Exercise aim
The entries below contain a stretch that opens with the line containing "fluxo de chocolate" and closes with the line containing "SONGMICS 16.5 ft"; set down that stretch exactly, both ends included, and nothing else.
BEGIN Data shown
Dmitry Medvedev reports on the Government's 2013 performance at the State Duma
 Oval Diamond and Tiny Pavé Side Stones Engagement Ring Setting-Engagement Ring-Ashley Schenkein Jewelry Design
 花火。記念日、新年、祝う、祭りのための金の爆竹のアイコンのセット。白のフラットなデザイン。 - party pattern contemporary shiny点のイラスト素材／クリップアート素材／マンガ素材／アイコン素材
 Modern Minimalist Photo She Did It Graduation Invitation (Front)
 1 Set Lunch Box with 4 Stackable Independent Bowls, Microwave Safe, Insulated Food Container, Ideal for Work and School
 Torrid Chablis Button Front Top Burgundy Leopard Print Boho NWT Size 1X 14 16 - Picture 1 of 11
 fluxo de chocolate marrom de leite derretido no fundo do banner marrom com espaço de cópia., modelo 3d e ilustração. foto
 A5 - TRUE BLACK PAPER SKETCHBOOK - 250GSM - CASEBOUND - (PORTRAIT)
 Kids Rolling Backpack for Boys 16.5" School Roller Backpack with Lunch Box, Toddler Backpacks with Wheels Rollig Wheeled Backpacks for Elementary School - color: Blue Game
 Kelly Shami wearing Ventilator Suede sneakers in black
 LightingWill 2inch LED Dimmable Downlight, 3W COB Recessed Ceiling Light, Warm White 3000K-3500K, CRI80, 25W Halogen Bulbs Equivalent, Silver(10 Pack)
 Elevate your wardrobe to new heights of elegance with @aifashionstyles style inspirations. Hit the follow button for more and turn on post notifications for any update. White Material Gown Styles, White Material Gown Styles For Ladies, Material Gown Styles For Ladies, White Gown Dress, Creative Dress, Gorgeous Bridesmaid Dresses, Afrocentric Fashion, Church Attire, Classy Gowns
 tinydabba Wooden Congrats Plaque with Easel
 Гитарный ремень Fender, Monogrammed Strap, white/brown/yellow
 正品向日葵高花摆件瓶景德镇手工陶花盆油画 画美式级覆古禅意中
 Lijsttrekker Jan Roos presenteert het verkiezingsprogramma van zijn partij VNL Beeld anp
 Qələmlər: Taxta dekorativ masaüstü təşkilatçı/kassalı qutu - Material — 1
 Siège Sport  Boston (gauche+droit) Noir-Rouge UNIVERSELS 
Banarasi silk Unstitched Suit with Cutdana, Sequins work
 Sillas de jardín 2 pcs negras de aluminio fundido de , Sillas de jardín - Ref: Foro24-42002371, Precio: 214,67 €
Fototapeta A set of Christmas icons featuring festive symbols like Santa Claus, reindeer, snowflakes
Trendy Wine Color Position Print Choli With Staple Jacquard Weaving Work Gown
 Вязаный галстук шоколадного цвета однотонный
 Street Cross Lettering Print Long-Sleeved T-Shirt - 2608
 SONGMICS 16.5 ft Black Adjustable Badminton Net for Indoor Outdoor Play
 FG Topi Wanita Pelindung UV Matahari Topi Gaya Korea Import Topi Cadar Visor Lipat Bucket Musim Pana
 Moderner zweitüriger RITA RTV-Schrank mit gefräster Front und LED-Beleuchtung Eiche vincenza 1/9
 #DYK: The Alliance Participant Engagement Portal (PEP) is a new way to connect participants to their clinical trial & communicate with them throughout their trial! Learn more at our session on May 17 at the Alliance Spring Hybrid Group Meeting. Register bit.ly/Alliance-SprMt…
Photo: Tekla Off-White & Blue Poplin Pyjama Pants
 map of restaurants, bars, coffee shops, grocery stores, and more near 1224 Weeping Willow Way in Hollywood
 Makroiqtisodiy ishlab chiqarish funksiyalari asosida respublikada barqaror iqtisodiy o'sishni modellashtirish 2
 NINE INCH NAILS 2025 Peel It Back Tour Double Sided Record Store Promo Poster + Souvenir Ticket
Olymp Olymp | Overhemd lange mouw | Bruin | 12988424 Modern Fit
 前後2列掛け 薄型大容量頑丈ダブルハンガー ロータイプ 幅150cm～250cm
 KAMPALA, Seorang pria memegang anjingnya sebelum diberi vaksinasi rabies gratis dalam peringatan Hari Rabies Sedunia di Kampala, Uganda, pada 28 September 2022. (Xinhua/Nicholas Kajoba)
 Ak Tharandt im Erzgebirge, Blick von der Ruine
END Data shown
Exercise answer
 fluxo de chocolate marrom de leite derretido no fundo do banner marrom com espaço de cópia., modelo 3d e ilustração. foto
 A5 - TRUE BLACK PAPER SKETCHBOOK - 250GSM - CASEBOUND - (PORTRAIT)
 Kids Rolling Backpack for Boys 16.5" School Roller Backpack with Lunch Box, Toddler Backpacks with Wheels Rollig Wheeled Backpacks for Elementary School - color: Blue Game
 Kelly Shami wearing Ventilator Suede sneakers in black
 LightingWill 2inch LED Dimmable Downlight, 3W COB Recessed Ceiling Light, Warm White 3000K-3500K, CRI80, 25W Halogen Bulbs Equivalent, Silver(10 Pack)
 Elevate your wardrobe to new heights of elegance with @aifashionstyles style inspirations. Hit the follow button for more and turn on post notifications for any update. White Material Gown Styles, White Material Gown Styles For Ladies, Material Gown Styles For Ladies, White Gown Dress, Creative Dress, Gorgeous Bridesmaid Dresses, Afrocentric Fashion, Church Attire, Classy Gowns
 tinydabba Wooden Congrats Plaque with Easel
 Гитарный ремень Fender, Monogrammed Strap, white/brown/yellow
 正品向日葵高花摆件瓶景德镇手工陶花盆油画 画美式级覆古禅意中
 Lijsttrekker Jan Roos presenteert het verkiezingsprogramma van zijn partij VNL Beeld anp
 Qələmlər: Taxta dekorativ masaüstü təşkilatçı/kassalı qutu - Material — 1
 Siège Sport  Boston (gauche+droit) Noir-Rouge UNIVERSELS 
Banarasi silk Unstitched Suit with Cutdana, Sequins work
 Sillas de jardín 2 pcs negras de aluminio fundido de , Sillas de jardín - Ref: Foro24-42002371, Precio: 214,67 €
Fototapeta A set of Christmas icons featuring festive symbols like Santa Claus, reindeer, snowflakes
Trendy Wine Color Position Print Choli With Staple Jacquard Weaving Work Gown
 Вязаный галстук шоколадного цвета однотонный
 Street Cross Lettering Print Long-Sleeved T-Shirt - 2608
 SONGMICS 16.5 ft Black Adjustable Badminton Net for Indoor Outdoor Play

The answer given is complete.